In the Fair and Effective Markets Review Final Report of June 2015 ("FEMR"), published by HM Treasury, the Bank of England, and the Financial Conduct Authority, it is suggested that:
“...increased public awareness of firms' conduct --both good and bad-- may...help to align incentives of executives, shareholders and other investors, not least by bringing competitive pressure to bear. Currently, there are challenges in collating data on fines in a consistent way. Fines are published in different ways by different regulators, and firms are under no obligation to disclose conduct costs, often aggregating fines with other legal costs in their annual reports. Greater clarity in reporting by firms would help shareholders monitor progress on conduct issues.” (p.72) (our emphasis)

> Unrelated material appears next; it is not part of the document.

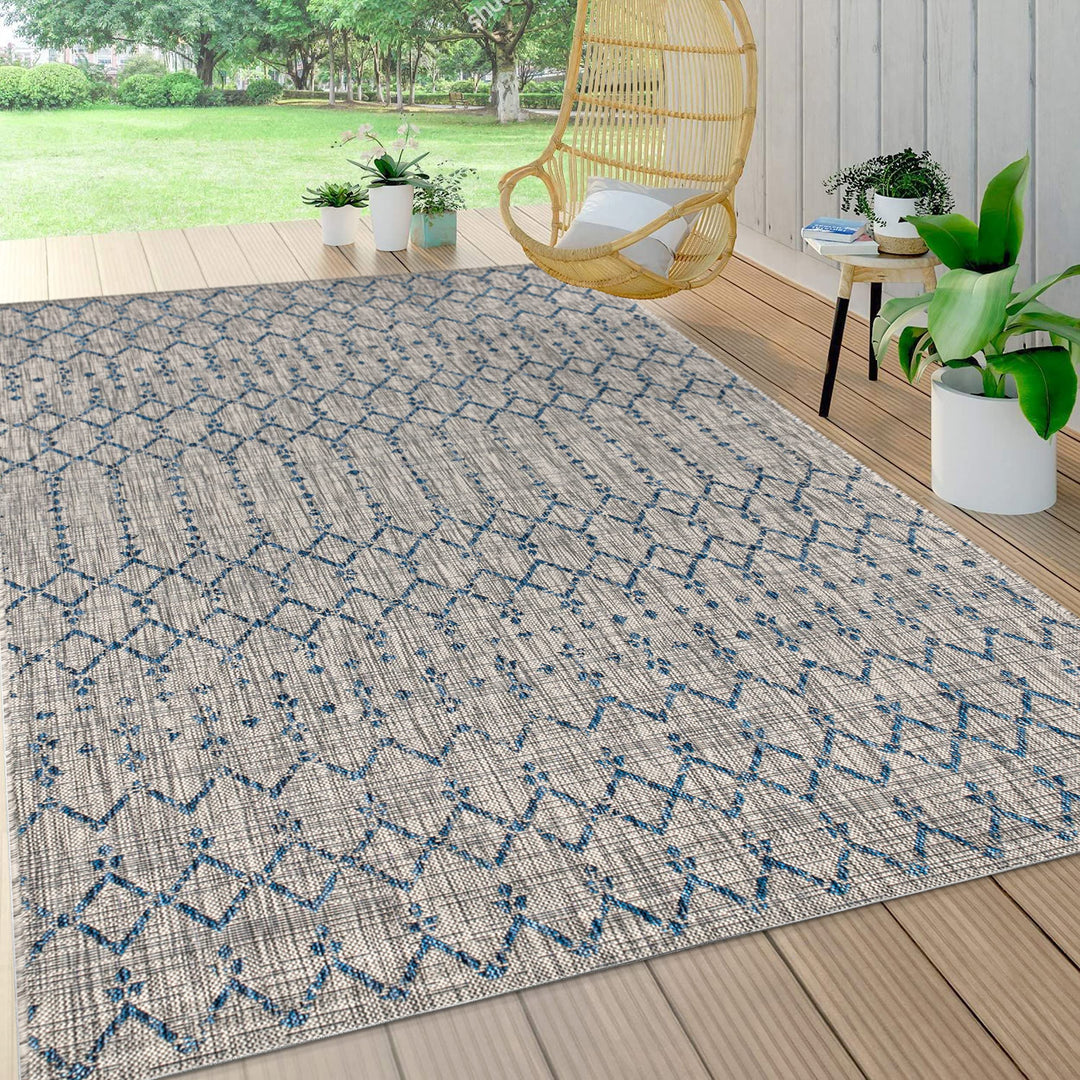 JONATHAN Y SMB108A-9 Ourika Moroccan Geometric Textured Weave Indoor Outdoor 9 X 12 - Light Gray/Navy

This statement echoes some of the key concerns that underlie the CCP Research Foundation's Conduct Costs Project (partly describing the reason for the project's existence). The FEMR’s proposal for "greater clarity in reporting" of conduct costs as part of the solution to the bank conduct problem is, of course, supported by the Conduct Costs Project (whose work is an attempt to provide that greater clarity).
The FEMR have stated clearly that, as a “priority”, firms should explore “the scope for greater transparency over conduct...including better disclosure of fines” (Box 18, p.78). The CCP Research Foundation, in association with ShareAction, suggest that this exploration starts with the proposal detailed here, specifically a “Conduct Costs Report”.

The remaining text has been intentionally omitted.